EUROPE'S education researchers have been told that they face a stark choice as the millennium approaches. They can either serve the needs of unfettered global capitalism and the continent's labour market or help to design a new political and social order based on democracy and justice.
Many analysts would argue that it is possible to fulfil both objectives but Professor John Elliott of the University of East Anglia believes that the two aims are now incompatible.
The globalisation of markets and systems of production has made it extremely difficult for any country to control its economic growth or use market forces to establish a better social order, Professor Elliott told the conference.
Nevertheless, many researchers - such as those involved in school effectiveness and improvement - were still prepared to accept the "prevailing ideological apparatus" which stressed the importance of efficiency and assumed that economic growth was the key to the "good life".
In the 1960s, teachers and researchers had not been required to promote the economic conditions for wealth creation but rather the social conditions for its just distribution, he said.

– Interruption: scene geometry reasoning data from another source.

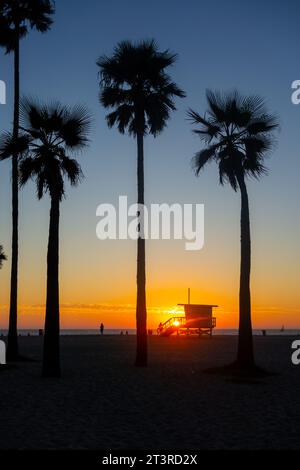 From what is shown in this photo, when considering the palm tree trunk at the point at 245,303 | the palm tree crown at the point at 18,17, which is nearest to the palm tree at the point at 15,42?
the palm tree crown at the point at 18,17

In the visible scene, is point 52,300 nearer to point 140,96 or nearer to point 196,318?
point 140,96

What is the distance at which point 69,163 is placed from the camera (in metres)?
26.3

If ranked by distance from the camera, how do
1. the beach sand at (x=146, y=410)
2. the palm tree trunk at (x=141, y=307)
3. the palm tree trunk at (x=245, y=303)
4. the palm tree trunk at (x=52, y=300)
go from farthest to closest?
the palm tree trunk at (x=141, y=307) → the palm tree trunk at (x=245, y=303) → the palm tree trunk at (x=52, y=300) → the beach sand at (x=146, y=410)

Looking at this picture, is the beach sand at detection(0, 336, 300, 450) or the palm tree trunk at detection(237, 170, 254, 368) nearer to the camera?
the beach sand at detection(0, 336, 300, 450)

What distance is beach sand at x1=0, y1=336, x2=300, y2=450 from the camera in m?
12.9

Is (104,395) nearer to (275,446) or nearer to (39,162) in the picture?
(275,446)

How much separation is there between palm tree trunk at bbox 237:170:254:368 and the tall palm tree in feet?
16.7

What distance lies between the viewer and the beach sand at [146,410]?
12.9 metres

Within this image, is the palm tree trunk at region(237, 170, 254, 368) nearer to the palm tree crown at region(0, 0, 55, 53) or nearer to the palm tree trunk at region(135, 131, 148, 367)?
the palm tree trunk at region(135, 131, 148, 367)

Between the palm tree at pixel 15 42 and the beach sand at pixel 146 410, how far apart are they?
5848 millimetres

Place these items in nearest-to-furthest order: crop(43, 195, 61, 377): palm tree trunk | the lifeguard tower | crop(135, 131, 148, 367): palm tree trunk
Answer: crop(43, 195, 61, 377): palm tree trunk
crop(135, 131, 148, 367): palm tree trunk
the lifeguard tower

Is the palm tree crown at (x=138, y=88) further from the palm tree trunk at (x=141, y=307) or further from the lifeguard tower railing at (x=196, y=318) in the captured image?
the lifeguard tower railing at (x=196, y=318)

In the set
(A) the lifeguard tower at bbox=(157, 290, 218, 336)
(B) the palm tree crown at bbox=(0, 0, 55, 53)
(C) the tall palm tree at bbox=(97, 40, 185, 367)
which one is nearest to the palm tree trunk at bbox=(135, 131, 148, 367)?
(C) the tall palm tree at bbox=(97, 40, 185, 367)

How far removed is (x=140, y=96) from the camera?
3103 centimetres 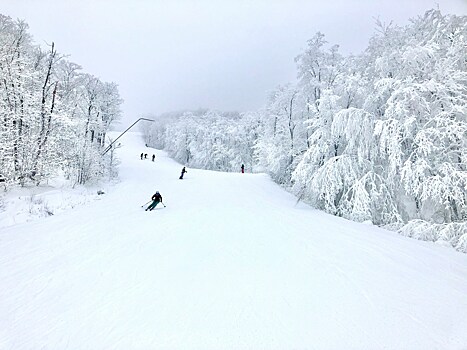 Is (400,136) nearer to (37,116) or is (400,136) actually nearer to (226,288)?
(226,288)

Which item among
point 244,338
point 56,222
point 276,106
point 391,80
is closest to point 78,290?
point 244,338

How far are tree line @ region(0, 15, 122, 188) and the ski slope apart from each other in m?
7.74

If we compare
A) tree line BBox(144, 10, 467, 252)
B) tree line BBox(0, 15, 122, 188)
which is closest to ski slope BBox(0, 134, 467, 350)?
tree line BBox(144, 10, 467, 252)

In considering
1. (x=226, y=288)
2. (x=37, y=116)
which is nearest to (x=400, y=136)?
(x=226, y=288)

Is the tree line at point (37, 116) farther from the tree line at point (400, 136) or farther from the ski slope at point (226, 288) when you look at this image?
the tree line at point (400, 136)

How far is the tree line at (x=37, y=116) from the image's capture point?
47.0 feet

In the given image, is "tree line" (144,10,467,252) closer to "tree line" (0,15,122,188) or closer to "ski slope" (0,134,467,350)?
"ski slope" (0,134,467,350)

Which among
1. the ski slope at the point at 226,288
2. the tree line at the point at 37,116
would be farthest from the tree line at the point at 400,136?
the tree line at the point at 37,116

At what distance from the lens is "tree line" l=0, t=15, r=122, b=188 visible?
1433 centimetres

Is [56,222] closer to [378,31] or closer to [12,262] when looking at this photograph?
[12,262]

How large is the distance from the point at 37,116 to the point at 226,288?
17.5 metres

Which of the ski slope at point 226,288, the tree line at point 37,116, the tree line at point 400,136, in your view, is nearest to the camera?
the ski slope at point 226,288

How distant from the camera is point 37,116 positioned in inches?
622

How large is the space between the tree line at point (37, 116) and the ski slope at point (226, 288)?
774 centimetres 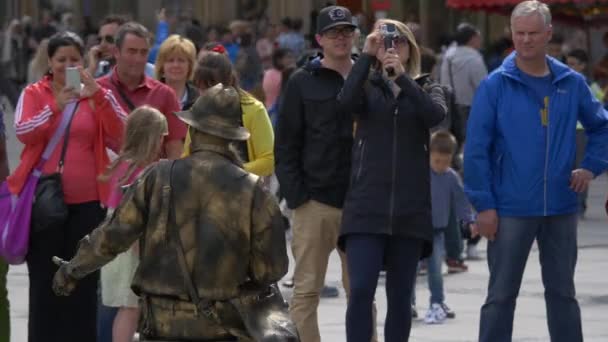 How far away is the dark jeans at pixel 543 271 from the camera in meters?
8.96

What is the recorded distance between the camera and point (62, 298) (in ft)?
31.7

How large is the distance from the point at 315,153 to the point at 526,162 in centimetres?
114

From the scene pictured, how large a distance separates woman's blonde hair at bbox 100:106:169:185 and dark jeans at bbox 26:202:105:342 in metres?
0.32

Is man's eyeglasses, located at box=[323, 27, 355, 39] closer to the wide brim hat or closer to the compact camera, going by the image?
the compact camera

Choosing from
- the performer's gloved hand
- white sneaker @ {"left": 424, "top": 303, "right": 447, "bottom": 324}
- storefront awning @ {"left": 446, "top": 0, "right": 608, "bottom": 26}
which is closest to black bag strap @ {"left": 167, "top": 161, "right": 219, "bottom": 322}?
the performer's gloved hand

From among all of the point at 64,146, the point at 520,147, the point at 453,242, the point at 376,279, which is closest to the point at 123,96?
the point at 64,146

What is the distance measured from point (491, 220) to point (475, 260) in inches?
258

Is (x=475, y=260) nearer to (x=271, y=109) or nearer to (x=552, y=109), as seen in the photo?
(x=271, y=109)

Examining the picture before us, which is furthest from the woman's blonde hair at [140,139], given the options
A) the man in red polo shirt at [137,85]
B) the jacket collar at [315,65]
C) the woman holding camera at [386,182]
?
the woman holding camera at [386,182]

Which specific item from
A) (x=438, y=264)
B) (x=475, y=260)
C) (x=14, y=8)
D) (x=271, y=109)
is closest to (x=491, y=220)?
(x=438, y=264)

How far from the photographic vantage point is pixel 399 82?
29.5 feet

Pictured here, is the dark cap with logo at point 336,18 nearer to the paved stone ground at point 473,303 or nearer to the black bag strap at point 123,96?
the black bag strap at point 123,96

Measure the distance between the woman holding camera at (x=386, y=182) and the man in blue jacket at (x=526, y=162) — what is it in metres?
0.29

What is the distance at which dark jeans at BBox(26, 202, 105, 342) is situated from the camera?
9539 mm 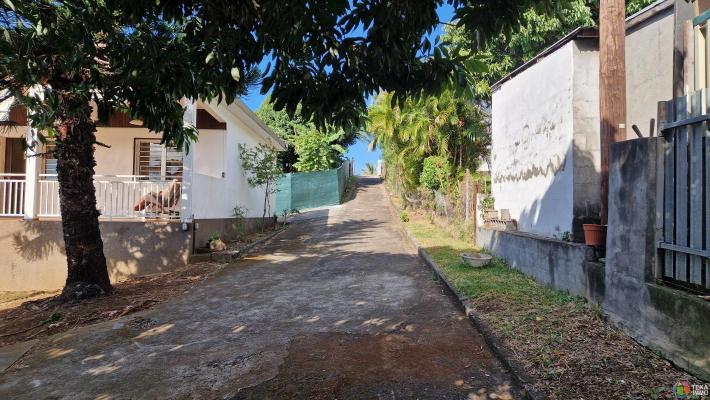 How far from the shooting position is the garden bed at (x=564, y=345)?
335cm

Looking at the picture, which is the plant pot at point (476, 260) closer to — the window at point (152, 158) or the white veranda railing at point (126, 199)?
the white veranda railing at point (126, 199)

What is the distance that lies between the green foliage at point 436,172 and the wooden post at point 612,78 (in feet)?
30.9

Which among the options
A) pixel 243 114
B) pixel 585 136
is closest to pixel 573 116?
pixel 585 136

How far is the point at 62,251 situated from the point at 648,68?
11888 millimetres

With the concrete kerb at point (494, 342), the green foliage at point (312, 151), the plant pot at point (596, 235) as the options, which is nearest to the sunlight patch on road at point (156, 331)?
the concrete kerb at point (494, 342)

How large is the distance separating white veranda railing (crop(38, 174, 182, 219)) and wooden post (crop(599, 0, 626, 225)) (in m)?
8.81

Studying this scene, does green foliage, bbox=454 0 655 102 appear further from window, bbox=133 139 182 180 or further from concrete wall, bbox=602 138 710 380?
window, bbox=133 139 182 180

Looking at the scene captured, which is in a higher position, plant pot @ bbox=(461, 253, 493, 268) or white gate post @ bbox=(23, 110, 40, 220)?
white gate post @ bbox=(23, 110, 40, 220)

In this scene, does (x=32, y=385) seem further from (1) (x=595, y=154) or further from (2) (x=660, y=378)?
(1) (x=595, y=154)

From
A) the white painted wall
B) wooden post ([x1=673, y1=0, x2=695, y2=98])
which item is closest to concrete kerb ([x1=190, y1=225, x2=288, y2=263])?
the white painted wall

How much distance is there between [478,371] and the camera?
13.1ft

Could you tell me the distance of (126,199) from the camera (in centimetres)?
1008

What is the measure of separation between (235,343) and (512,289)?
402cm

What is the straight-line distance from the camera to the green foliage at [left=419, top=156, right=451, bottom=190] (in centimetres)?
1527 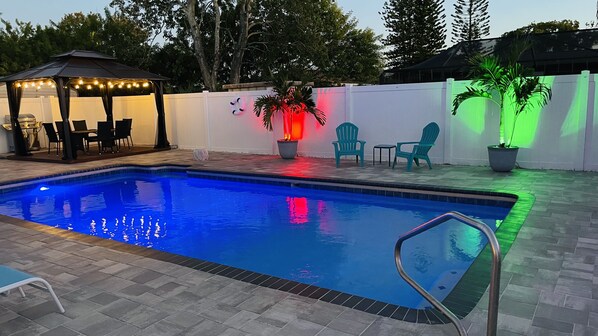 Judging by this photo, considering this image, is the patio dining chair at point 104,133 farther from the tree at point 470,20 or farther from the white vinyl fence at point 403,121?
the tree at point 470,20

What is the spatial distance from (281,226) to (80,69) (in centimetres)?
850


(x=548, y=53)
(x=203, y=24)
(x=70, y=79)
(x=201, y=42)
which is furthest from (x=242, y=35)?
(x=548, y=53)

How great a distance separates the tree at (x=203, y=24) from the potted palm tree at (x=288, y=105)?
940 cm

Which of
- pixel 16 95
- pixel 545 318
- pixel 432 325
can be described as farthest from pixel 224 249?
pixel 16 95

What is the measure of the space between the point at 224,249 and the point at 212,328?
254 cm

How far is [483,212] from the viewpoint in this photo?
6.32 metres

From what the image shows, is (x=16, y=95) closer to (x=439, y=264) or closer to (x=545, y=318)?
(x=439, y=264)

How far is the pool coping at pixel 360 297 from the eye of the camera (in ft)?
10.1

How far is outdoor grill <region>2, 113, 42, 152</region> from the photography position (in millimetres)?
12828

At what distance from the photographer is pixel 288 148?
34.7 feet

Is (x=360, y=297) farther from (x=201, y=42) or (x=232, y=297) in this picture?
(x=201, y=42)

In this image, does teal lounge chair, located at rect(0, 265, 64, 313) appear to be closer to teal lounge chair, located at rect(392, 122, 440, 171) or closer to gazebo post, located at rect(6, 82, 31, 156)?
teal lounge chair, located at rect(392, 122, 440, 171)

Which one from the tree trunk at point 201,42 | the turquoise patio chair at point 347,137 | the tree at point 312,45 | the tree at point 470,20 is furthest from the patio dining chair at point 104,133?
the tree at point 470,20

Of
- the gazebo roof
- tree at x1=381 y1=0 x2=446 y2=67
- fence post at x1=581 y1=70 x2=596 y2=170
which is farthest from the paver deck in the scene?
tree at x1=381 y1=0 x2=446 y2=67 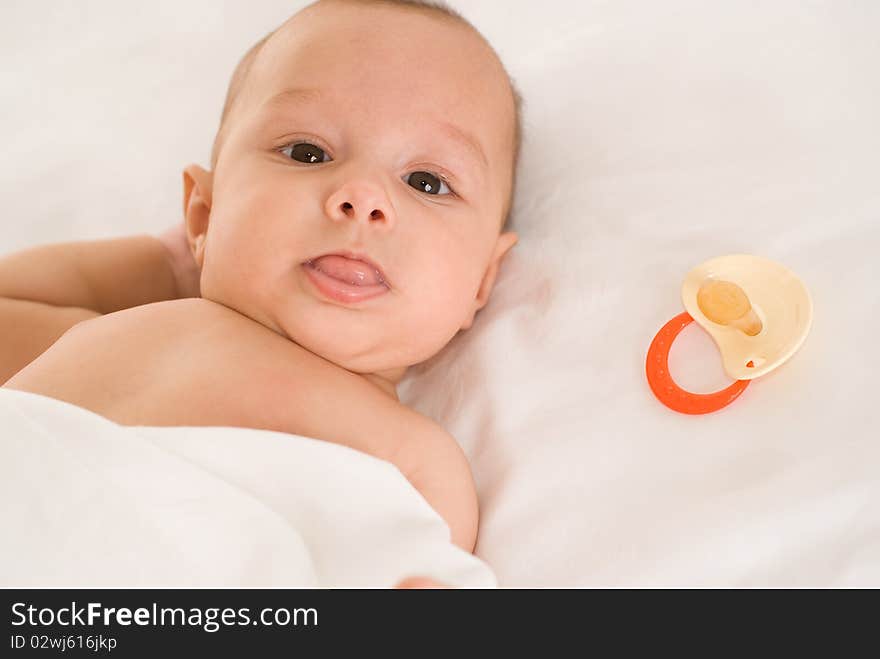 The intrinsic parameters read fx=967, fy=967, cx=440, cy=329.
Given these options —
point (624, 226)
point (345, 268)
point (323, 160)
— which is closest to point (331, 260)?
point (345, 268)

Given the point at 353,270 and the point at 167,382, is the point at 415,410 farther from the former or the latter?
the point at 167,382

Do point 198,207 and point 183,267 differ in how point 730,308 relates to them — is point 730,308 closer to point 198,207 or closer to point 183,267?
point 198,207

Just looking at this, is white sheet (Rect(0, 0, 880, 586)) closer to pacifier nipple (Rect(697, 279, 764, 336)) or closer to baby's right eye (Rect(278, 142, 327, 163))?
pacifier nipple (Rect(697, 279, 764, 336))

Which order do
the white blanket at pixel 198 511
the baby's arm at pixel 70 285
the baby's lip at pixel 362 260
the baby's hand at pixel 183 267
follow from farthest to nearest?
the baby's hand at pixel 183 267 < the baby's arm at pixel 70 285 < the baby's lip at pixel 362 260 < the white blanket at pixel 198 511

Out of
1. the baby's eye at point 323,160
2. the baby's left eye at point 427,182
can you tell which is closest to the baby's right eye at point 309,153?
the baby's eye at point 323,160

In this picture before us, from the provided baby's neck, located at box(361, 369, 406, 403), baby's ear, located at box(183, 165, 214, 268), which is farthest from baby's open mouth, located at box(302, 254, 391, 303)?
baby's ear, located at box(183, 165, 214, 268)

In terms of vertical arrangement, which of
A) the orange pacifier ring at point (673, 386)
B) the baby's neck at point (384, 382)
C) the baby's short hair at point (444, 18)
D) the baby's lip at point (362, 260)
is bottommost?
the orange pacifier ring at point (673, 386)

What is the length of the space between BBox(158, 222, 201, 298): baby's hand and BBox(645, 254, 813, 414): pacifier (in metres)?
0.87

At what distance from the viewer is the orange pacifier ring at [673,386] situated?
4.27ft

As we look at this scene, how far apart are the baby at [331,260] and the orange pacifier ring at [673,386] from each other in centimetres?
29

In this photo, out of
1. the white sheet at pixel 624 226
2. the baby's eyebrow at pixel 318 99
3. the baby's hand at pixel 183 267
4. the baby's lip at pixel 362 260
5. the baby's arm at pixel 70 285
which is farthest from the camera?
the baby's hand at pixel 183 267

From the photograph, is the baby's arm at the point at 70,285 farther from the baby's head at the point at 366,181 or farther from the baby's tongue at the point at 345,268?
the baby's tongue at the point at 345,268

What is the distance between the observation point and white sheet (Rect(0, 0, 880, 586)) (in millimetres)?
1226

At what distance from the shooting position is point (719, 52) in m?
1.69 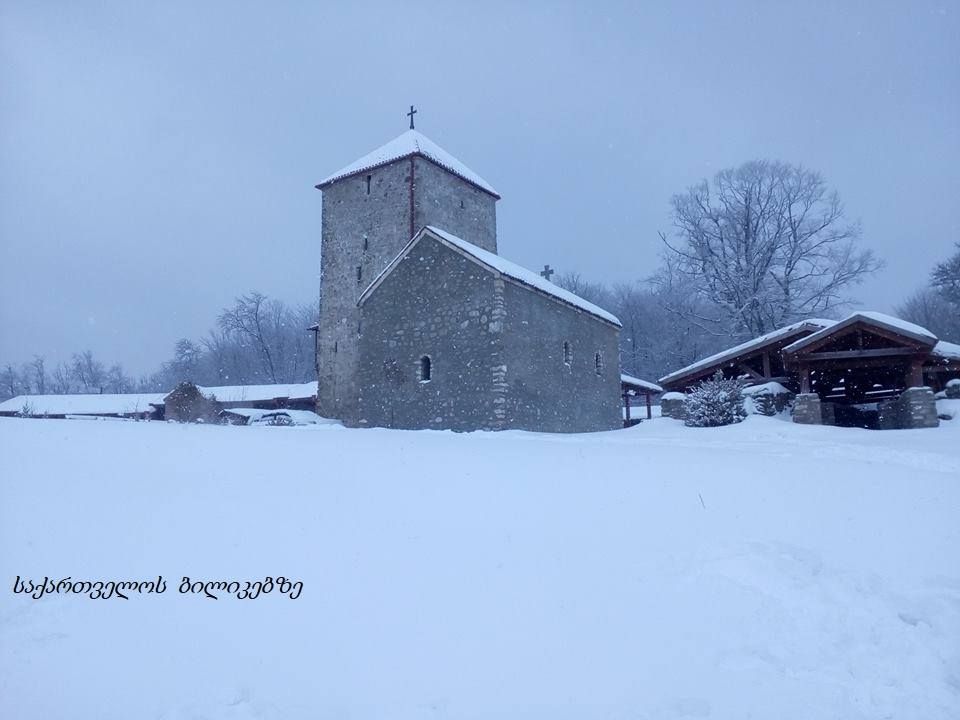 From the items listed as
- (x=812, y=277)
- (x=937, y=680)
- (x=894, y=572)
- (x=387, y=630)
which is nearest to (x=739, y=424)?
(x=894, y=572)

Today, however, education had become a managerially controlled system for transferring people into commodities that can be sold on the global labour market.
"In this context, educational research becomes an enquiry into the general and particular conditions for improving the performance of educational systems, " he said.
What was required, however, was more research that exposed the gulf between political rhetoric and reality.
There was also a need for what Professor Stephen Ball of King's College, London, had called "critical social researchers (who have) a vision of a moral order in which justice, equality and individual freedom are uncompromised by the avarice of the few".
Professor Elliott said that the deep ideological division between those researchers who were prepared to serve solely economic ends and those seeking greater social justice could not be bridged in the foreseeable future.
"The challenge for the European Educational Research Association is to acknowledge and accommodate conflicting 'research identities' and methodological antagonism among its membership," he said. "A permissive tolerance of such difference erodes critical debate between researchers and allows them to escape responsibility for the political and social consequences of the way they portray education."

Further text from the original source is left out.